The 120-mile-long arm of western Lake Michigan is something of an ecological twin to the western basin of Lake Erie in that it is shallow, warm, fish-filled—and it, too, is being suffocated by massive algae blooms. Unlike the regulators in Ohio, Wisconsin environmental officials declared the southern portion of Green Bay “impaired” under the Clean Water Act over a decade ago. That required the state to put the phosphorus-overloaded bay on a nutrient diet. It has yet to make much of a difference because the state can make any plan it wants, but it can’t do much to force farmers to change their polluting ways, even as farmers continue to ratchet up the size of their operations. A half century ago (at the time the Clean Water Act was passed), a farmer with one hundred cows was considered a big operator. Now some Wisconsin dairy herds have as many as eight thousand cows.

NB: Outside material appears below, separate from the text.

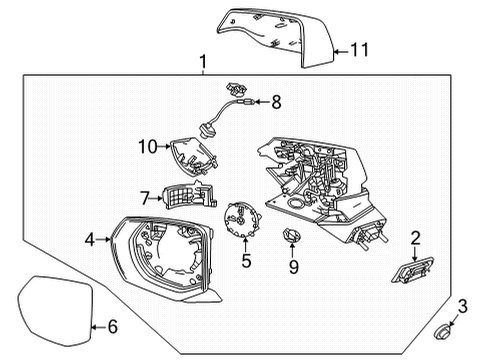 2021 Chevy Tahoe Housing Assembly, O/S Rr View Mir Diagram for 84977501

A general guideline for sustainable dairy farming is that each grazing cow requires roughly two to three acres of pasture. It’s not an exact number because soil types, weather patterns, and pasture grasses vary. But that much land is basically what is required to not only to generate enough grass to sustain a cow, but also for the land to safely absorb the manure that cow produces. And that manure then fertilizes the pasture’s grasses, the cow grazes on them, and then the cow poops some more so more grass can grow. And on and on it goes—a virtuous cycle.

Those days are long gone for so many farms across the country, including in Wisconsin’s aptly named Brown County on the southern end of Green Bay. The rapidly suburbanizing county in the heart of “America’s Dairyland” is home to some 125,000 head of livestock squeezed onto roughly 190,000 agricultural acres. Most of the Brown County cows today don’t graze pastures but are kept in barns and fed farm-raised grain. And each of those cows can produce, by some estimates, eighteen times the amount of fecal waste a human does. None of it gets treated at the Green Bay public sewage treatment plant. Much of it ends up in the bay of Green Bay, where it triggers algae blooms and oxygen-starved dead zones so severe that fish are literally trying to escape from their own waters, Dr. Seuss-style. Homeowners along the shores of Green Bay have actually used leaf blowers to try to push thousands of flopping, asphyxiating fish back into the water.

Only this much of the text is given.